** Provided entries follows **
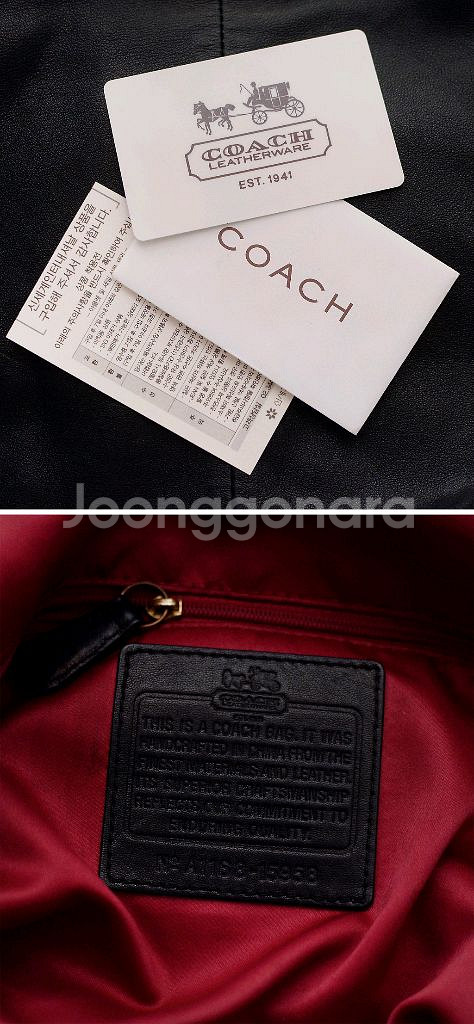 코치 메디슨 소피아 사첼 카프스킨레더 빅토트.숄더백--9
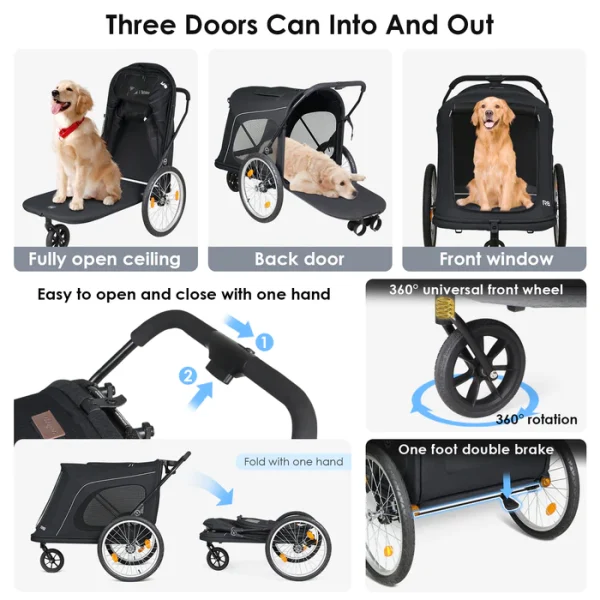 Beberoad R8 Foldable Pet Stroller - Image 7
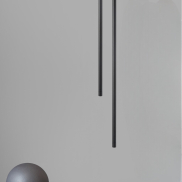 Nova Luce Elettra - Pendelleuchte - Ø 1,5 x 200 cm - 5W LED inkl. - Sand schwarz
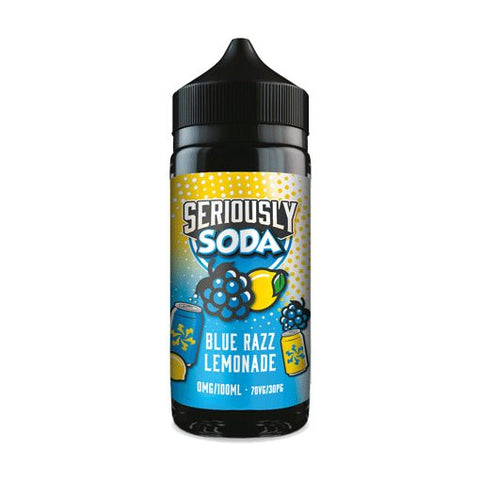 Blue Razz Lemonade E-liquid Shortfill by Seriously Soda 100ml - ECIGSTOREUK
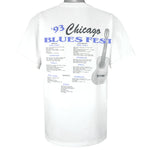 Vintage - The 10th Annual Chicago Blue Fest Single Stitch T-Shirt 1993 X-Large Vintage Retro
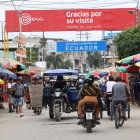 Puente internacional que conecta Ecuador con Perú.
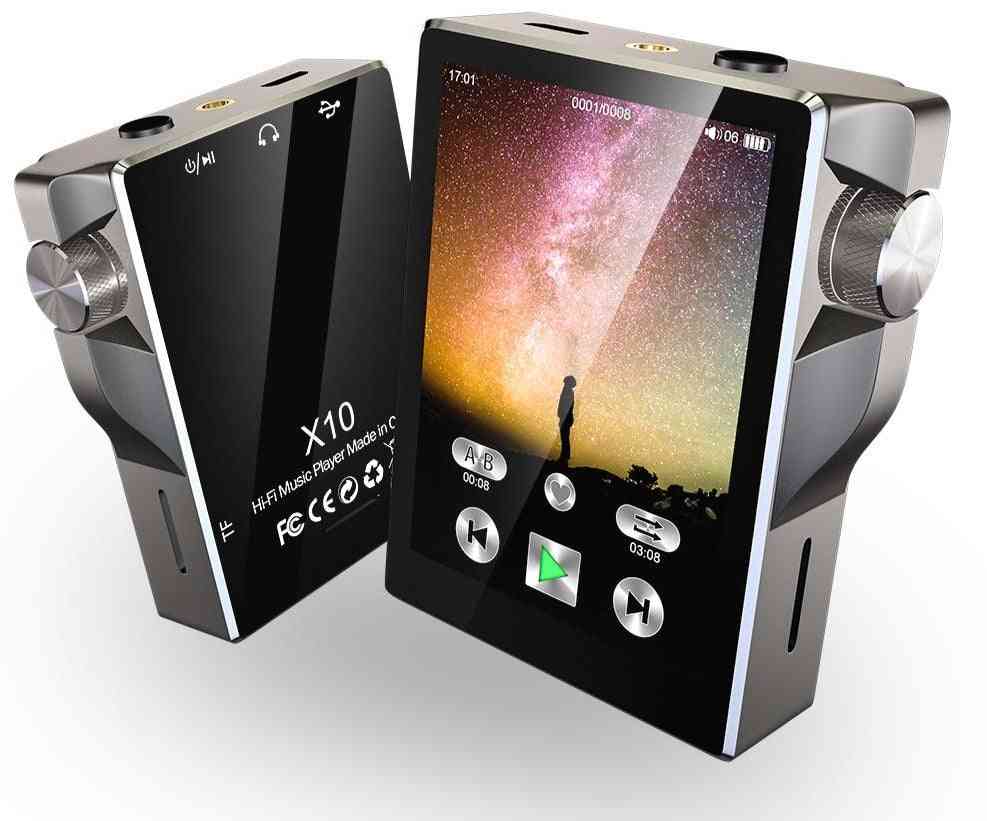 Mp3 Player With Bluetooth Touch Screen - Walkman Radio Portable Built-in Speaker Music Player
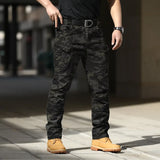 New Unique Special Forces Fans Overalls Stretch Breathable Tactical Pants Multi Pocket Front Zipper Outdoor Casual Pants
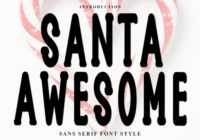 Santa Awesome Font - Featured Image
** End of Provided entries **
→ **The task**
Nothing but the lines from the line containing "Blue Razz Lemonade" to the end of the records above should be repeated, exactly and with every picture omitted.

→ **Result of the exercise**
 Blue Razz Lemonade E-liquid Shortfill by Seriously Soda 100ml - ECIGSTOREUK
 Vintage - The 10th Annual Chicago Blue Fest Single Stitch T-Shirt 1993 X-Large Vintage Retro
 Puente internacional que conecta Ecuador con Perú.
 Mp3 Player With Bluetooth Touch Screen - Walkman Radio Portable Built-in Speaker Music Player
 New Unique Special Forces Fans Overalls Stretch Breathable Tactical Pants Multi Pocket Front Zipper Outdoor Casual Pants
 Santa Awesome Font - Featured Image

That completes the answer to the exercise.